Iran’s economy entered into recession for a second consecutive year, as crippling US sanctions took their toll on the economy, virtually wiping out Tehran’s ability to earn revenues from the sale of crude oil and condensates.
Although Iran is trying to reduce its reliance on oil exports by increasing taxes and cutting energy subsidies, it is battling annual inflation levels of up to 50 per cent, according to the Institute of International Finance.
US sanctions have jolted the Islamic republic’s fragile banking system, aggravating problems for financial institutions, which struggled even before the reintroduction of US sanctions. Iran is unable to conduct business in the US dollar and fear of being penalised by Washington has dissuaded countries and corporates from doing business with Tehran.
“Our estimates show that the Iranian economy has contracted by 4.6 per cent in fiscal year 2018-19 [ending March] as a result of the sanctions,” said Garbis Iradian, IIF's chief economist for the Middle East and North Africa. “We expect the contraction to deepen to 7.2 per cent in the current fiscal year, 2019-20.”

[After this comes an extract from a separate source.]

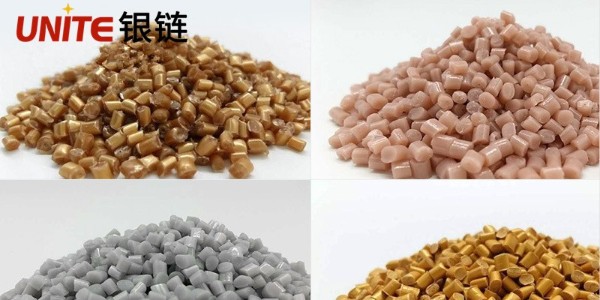 免噴涂ABS材料新型環保型材料介紹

The IIF’s projections of a deeper economic contraction and consumer price inflation follow the International Monetary Fund’s estimates released last year. The Washington-based lender said inflation is set to surge to nearly 40 per cent or more as Tehran struggles to keep its economy afloat. It projected Iran’s economy, which contracted 3.9 per cent in 2018, and more than 9 per cent last year to shrink by 6 per cent in 2020.
Most of the economic contraction, the IIF said, is due to the sharp decline in volume of exports of crude oil and condensates, which dropped from a peak of 2.8 million barrels per day in May 2018 to less than 0.4 million bpd in recent months. Washington has a goal of reducing Iranian crude output to zero.
The fall in imports has only partly offset the “drastic decline” in exports and Iran’s current account balance has shifted to a small deficit for the first time since 1998. The country’s official reserves are likely to decline further to $73 billion (Dh267.9bn) by March 2020 – a $40bn loss in just two years.
“We also estimate a decline in nominal GDP of $97bn to $275bn in FY 2018-19,” Mr Iradian said.
The US, which unilaterally pulled out of the Iran nuclear deal, slapped Tehran with economic sanctions in May 2018, hitting the oil and gas sector hard. Proceeds from the sale of hydrocarbons is the biggest revenue earner for the country and US sanctions have denied Iran's government more than $10bn, US officials said last year. Foreign investments into Iran have also dried up, including disruption of major business deals with the European Union.
The unemployment rate has also increased to 17 per cent, with youth unemployment of around 30 per cent, one of the main drivers of protests against the regime. A rise in taxes and reduction of energy subsidies also added fuel to public fury that led to violent unrest in November 2019, which prompted a severe crackdown from Tehran.
While the protests ebbed for a few weeks, they resumed on January 11 after Iranian authorities admitted mistakenly shooting down a Ukrainian passenger aircraft carrying 176 passengers, which included 82 Iranians. The protests are demanding a wholesale change in leadership, as Tehran tries to grapple with the latest wave of civil unrest in the country.
European powers have also triggered the dispute process in the 2015 nuclear deal with Iran after Tehran announced it is breaching the enrichment limits.
France, the UK and Germany accused the Iranian regime of continuously violating “key” restrictions, which set clear limits on Iran’s efforts to develop its nuclear capabilities. In a joint statement on Tuesday the European powers said they had “no choice, given Iran’s actions” to refer the case to the dispute resolution mechanism.